(THE TASK)
The listing below is to be written out word for word, minus its images.

++++

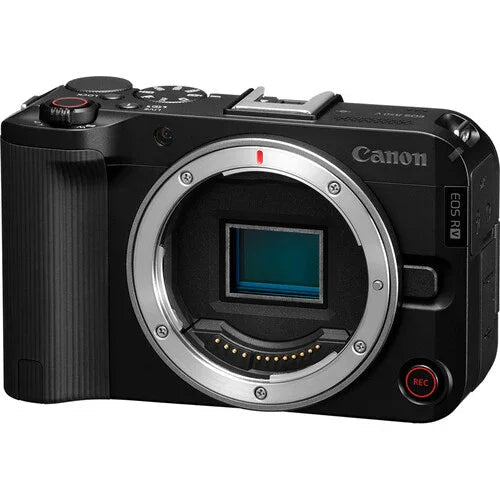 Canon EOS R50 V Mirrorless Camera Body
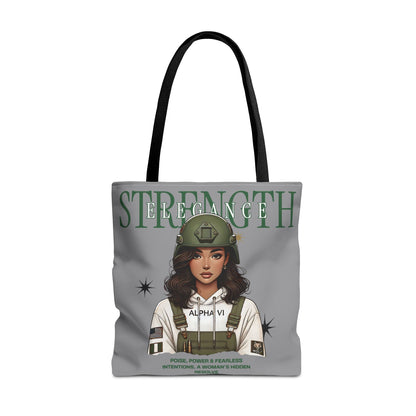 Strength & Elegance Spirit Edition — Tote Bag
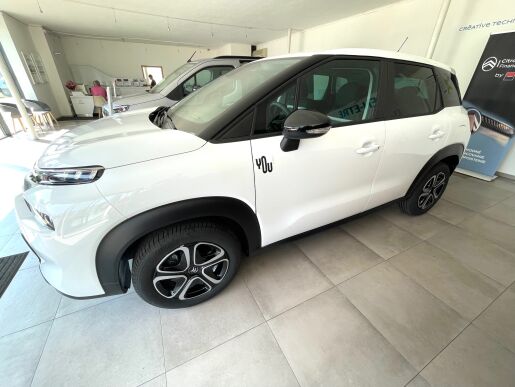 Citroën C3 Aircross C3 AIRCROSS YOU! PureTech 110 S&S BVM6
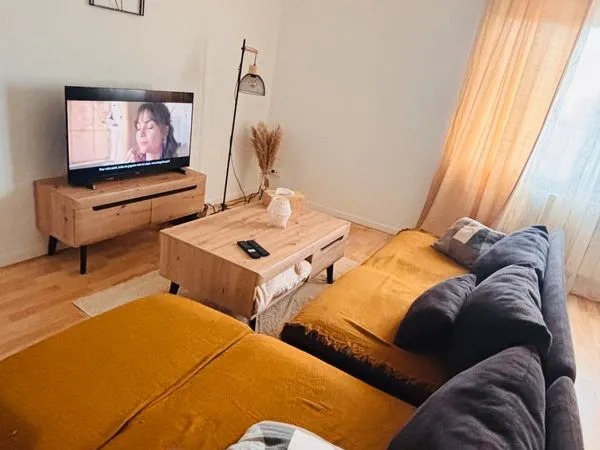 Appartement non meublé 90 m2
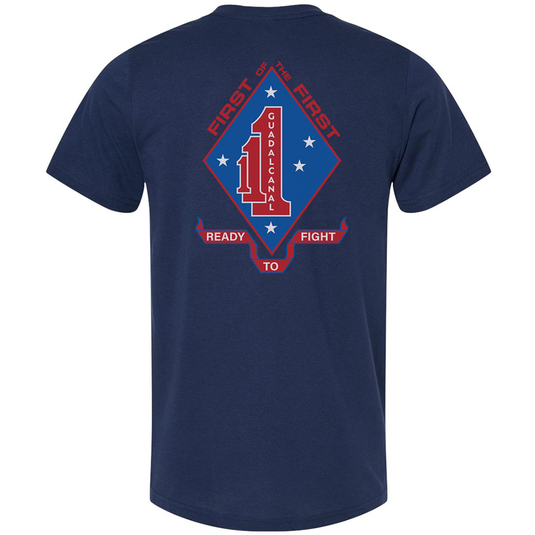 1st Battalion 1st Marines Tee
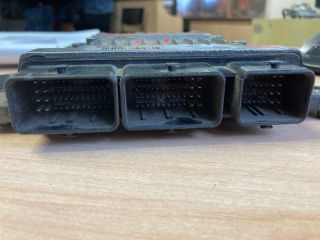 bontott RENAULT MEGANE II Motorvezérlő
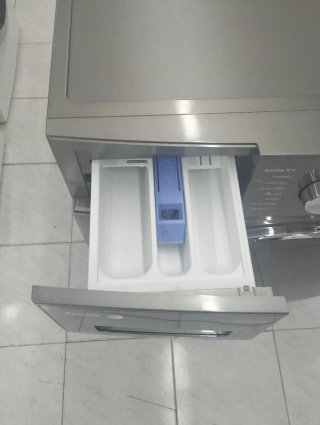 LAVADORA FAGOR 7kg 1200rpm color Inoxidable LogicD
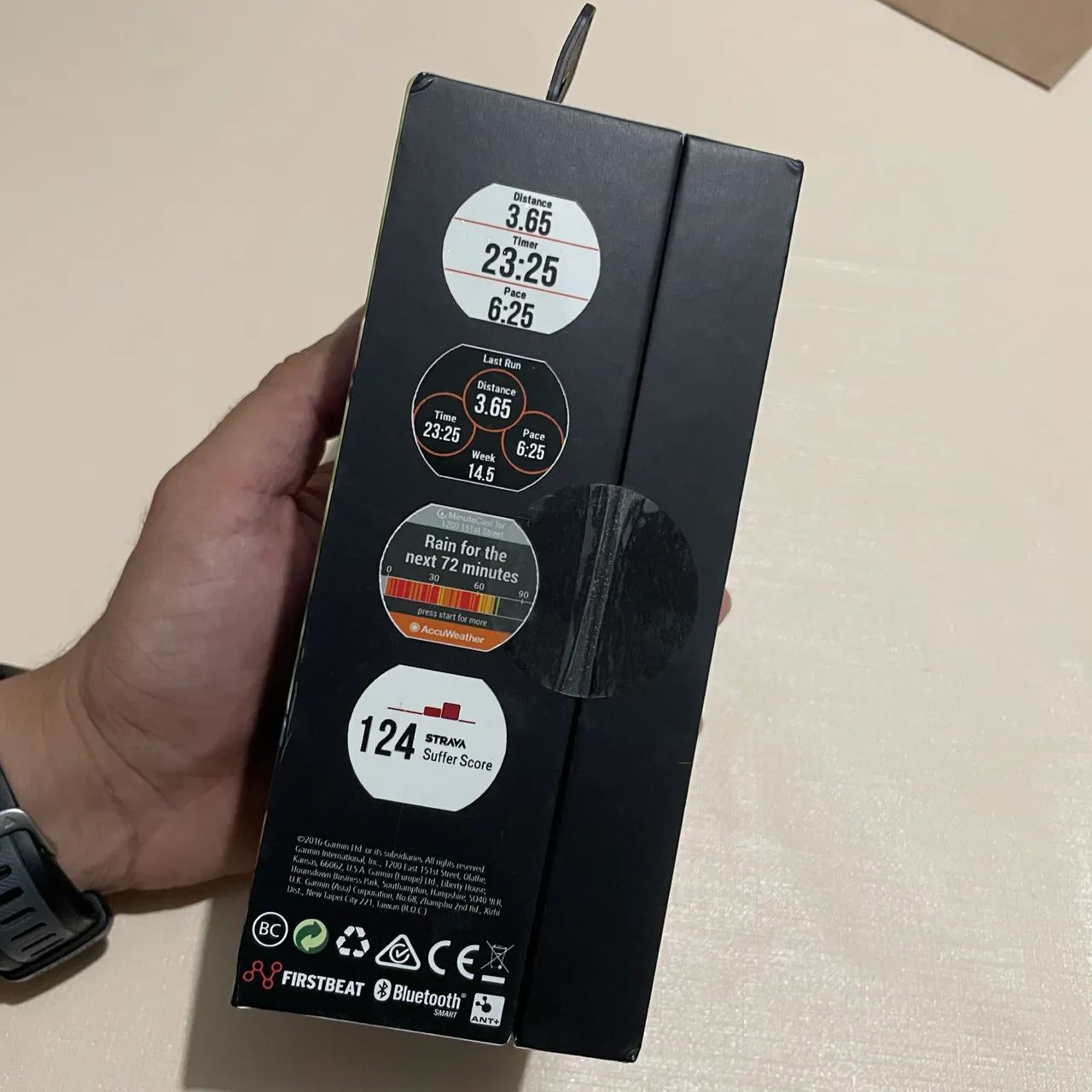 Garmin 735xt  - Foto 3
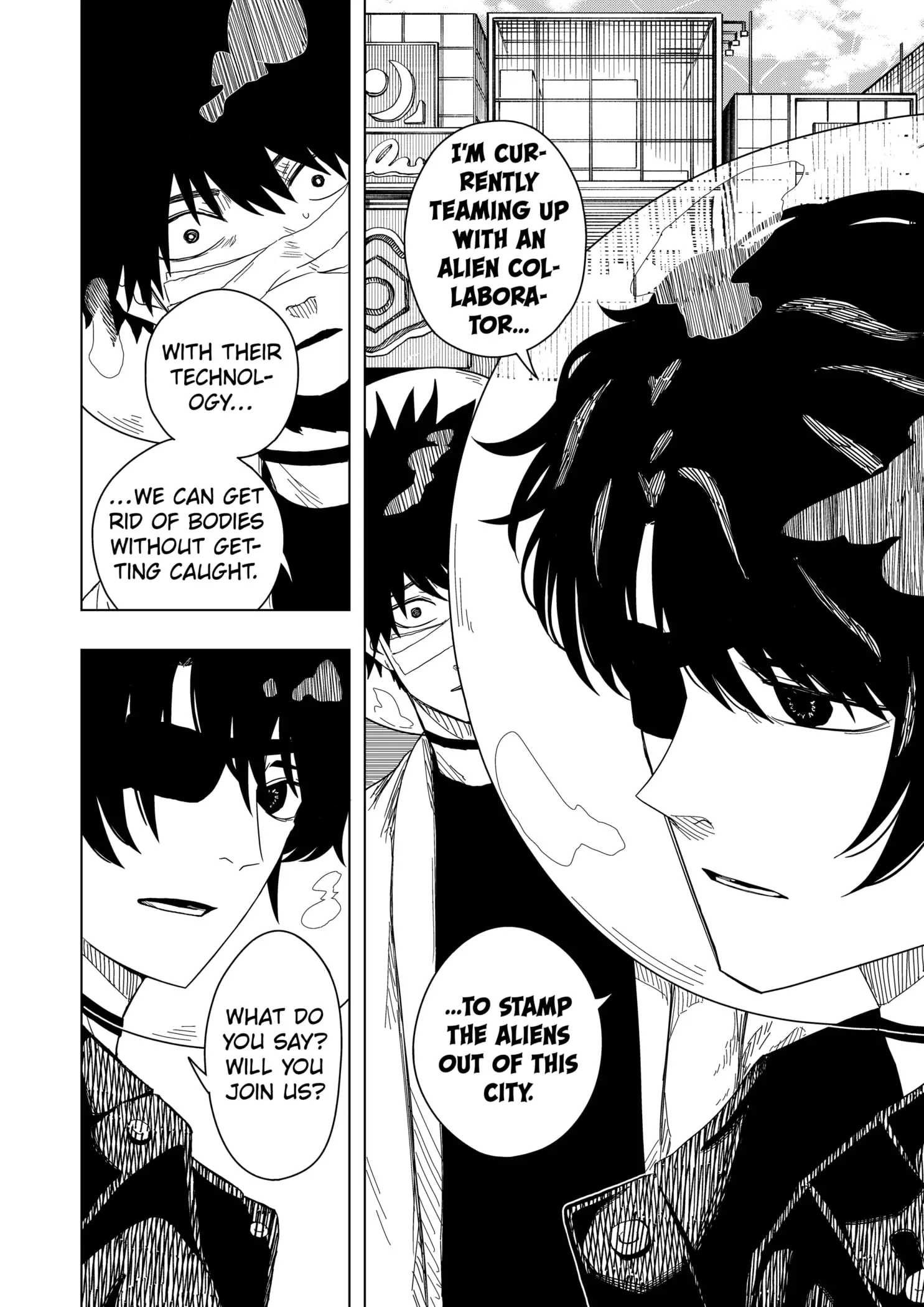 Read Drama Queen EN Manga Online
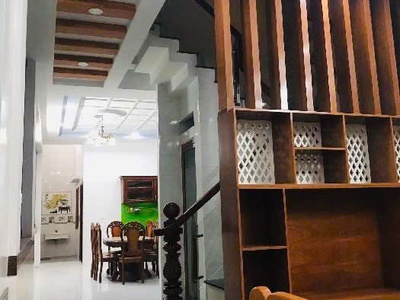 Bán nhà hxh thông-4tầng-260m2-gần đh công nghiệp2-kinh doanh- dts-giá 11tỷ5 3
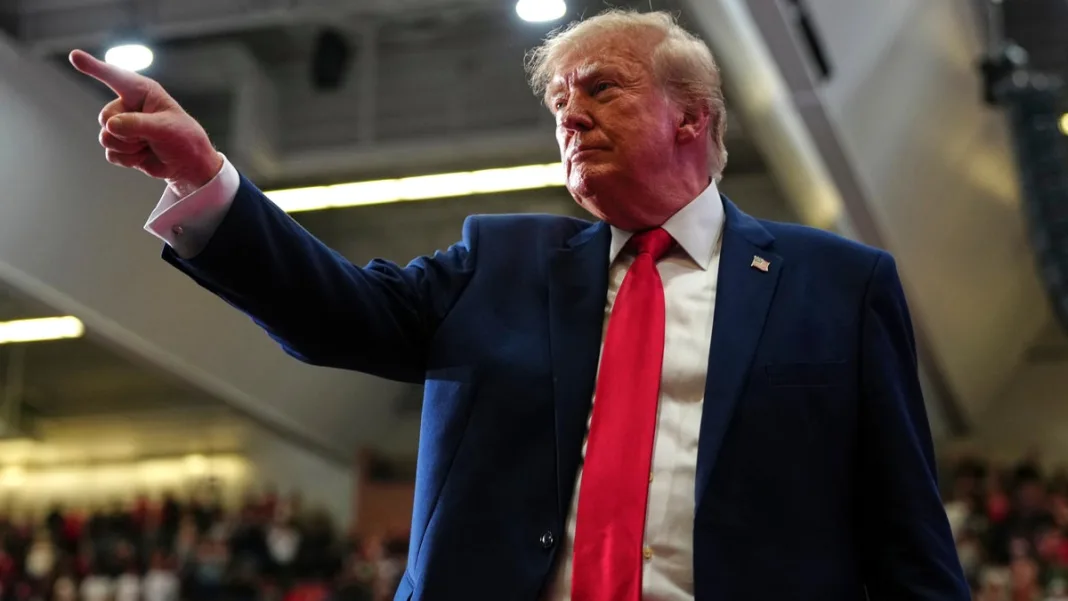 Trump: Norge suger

++++

(SOLUTION)
 Canon EOS R50 V Mirrorless Camera Body
 Strength & Elegance Spirit Edition — Tote Bag
 Citroën C3 Aircross C3 AIRCROSS YOU! PureTech 110 S&S BVM6
 Appartement non meublé 90 m2
 1st Battalion 1st Marines Tee
 bontott RENAULT MEGANE II Motorvezérlő
 LAVADORA FAGOR 7kg 1200rpm color Inoxidable LogicD
 Garmin 735xt  - Foto 3
 Read Drama Queen EN Manga Online
 Bán nhà hxh thông-4tầng-260m2-gần đh công nghiệp2-kinh doanh- dts-giá 11tỷ5 3
 Trump: Norge suger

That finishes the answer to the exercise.